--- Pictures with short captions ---

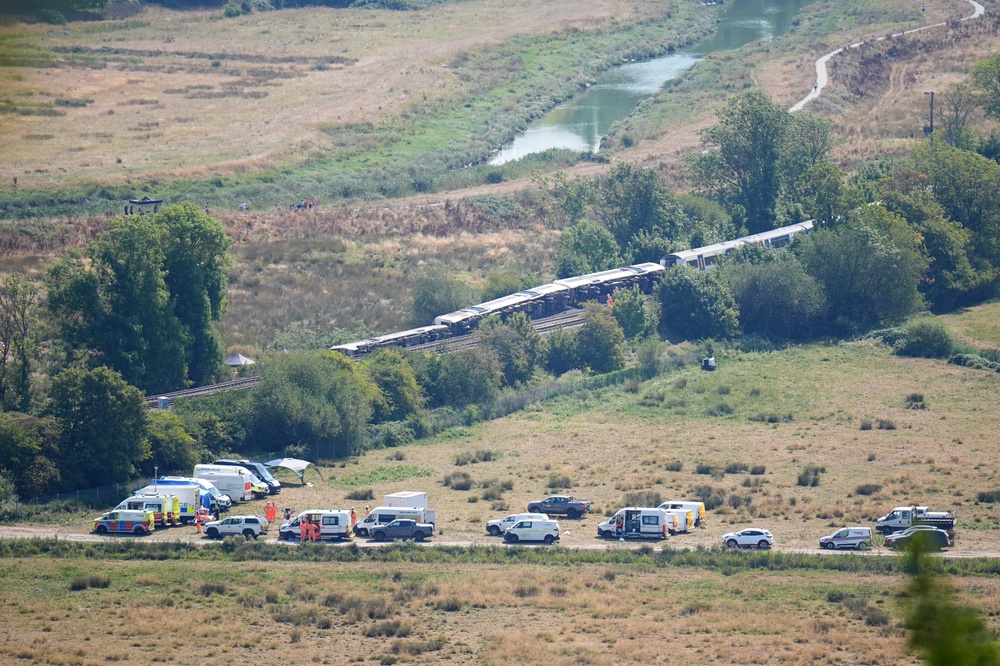 Emergency services at the scene after a train with around 150 people on board derailed (PA)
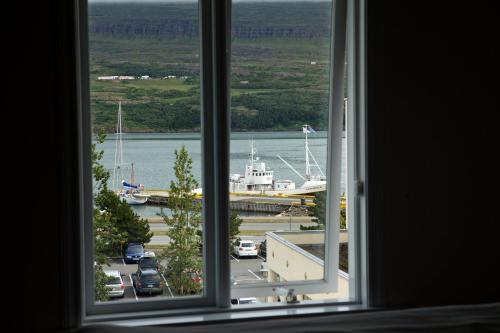 a window with a view of a harbor and a boat at Akureyri Backpackers in Akureyri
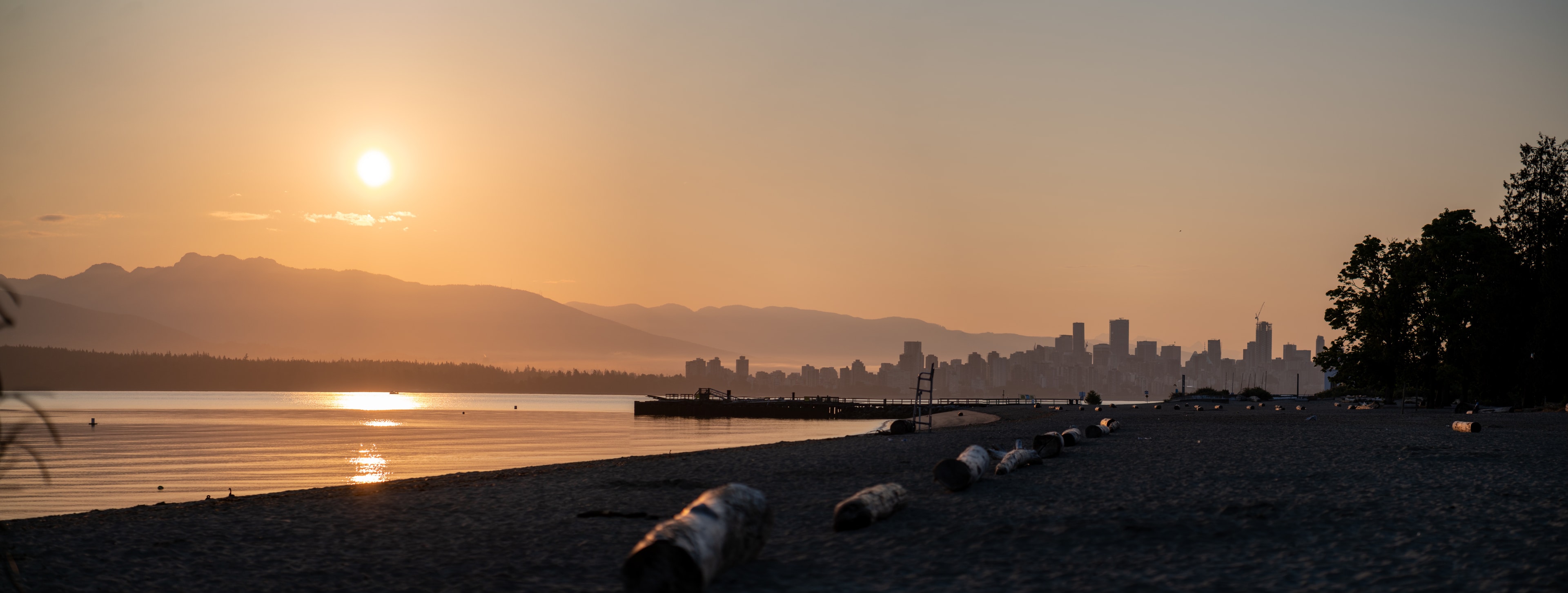 A beach at sunset with mountains and a city skyline in the distance.
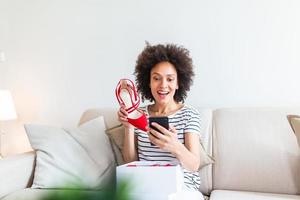 Smiling woman unboxing a postal parcel and taking a selfie with her new purchases using a smartphone. Showing shoes to her friends via video call photo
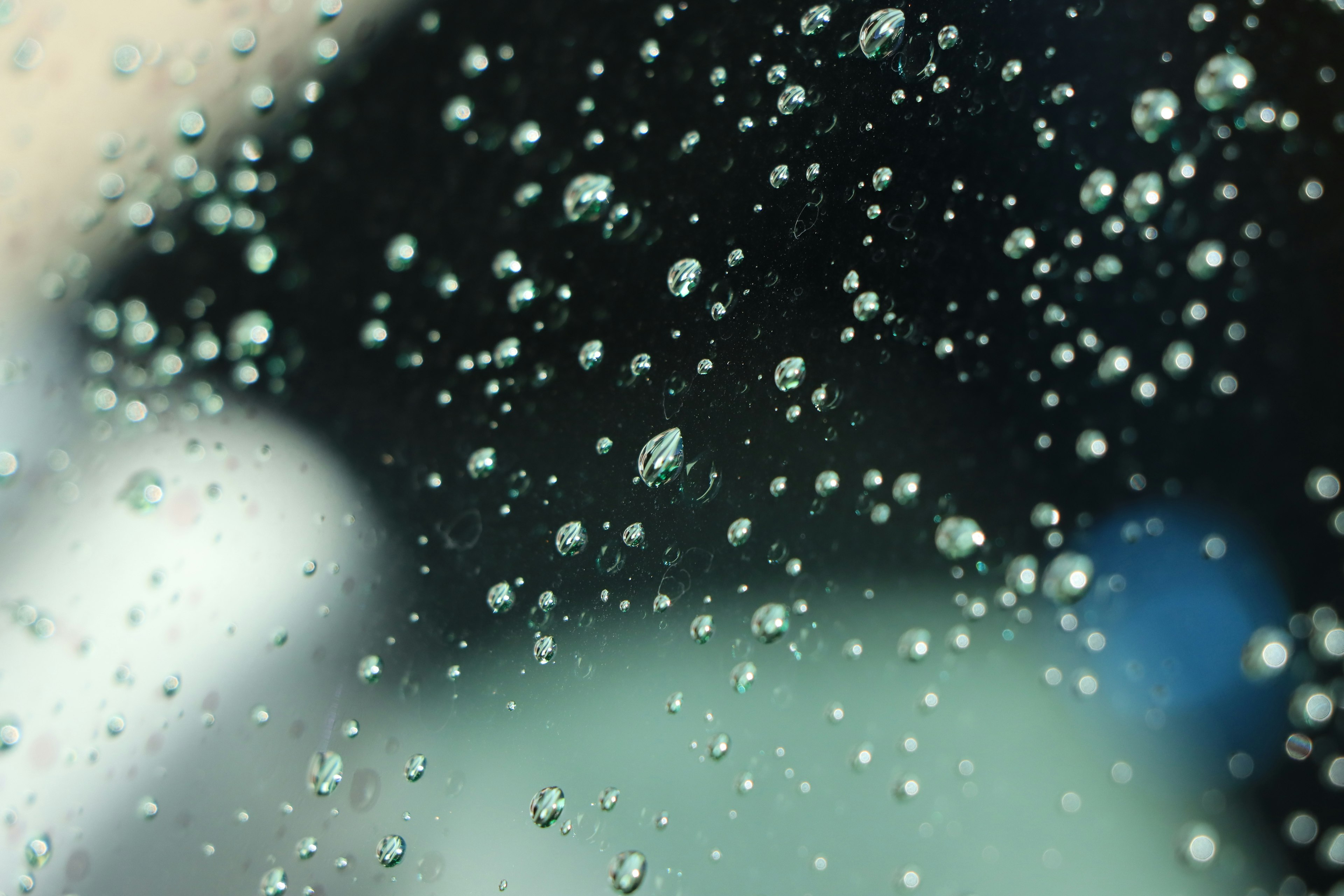 Close-up of water droplets on a window with a blurred background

--- Task statement ---
If an entry holds a picture, skip the picture and print the rest of the data exactly.

--- Task output ---
 Emergency services at the scene after a train with around 150 people on board derailed (PA)
 a window with a view of a harbor and a boat at Akureyri Backpackers in Akureyri
 A beach at sunset with mountains and a city skyline in the distance.
 Smiling woman unboxing a postal parcel and taking a selfie with her new purchases using a smartphone. Showing shoes to her friends via video call photo
 Close-up of water droplets on a window with a blurred background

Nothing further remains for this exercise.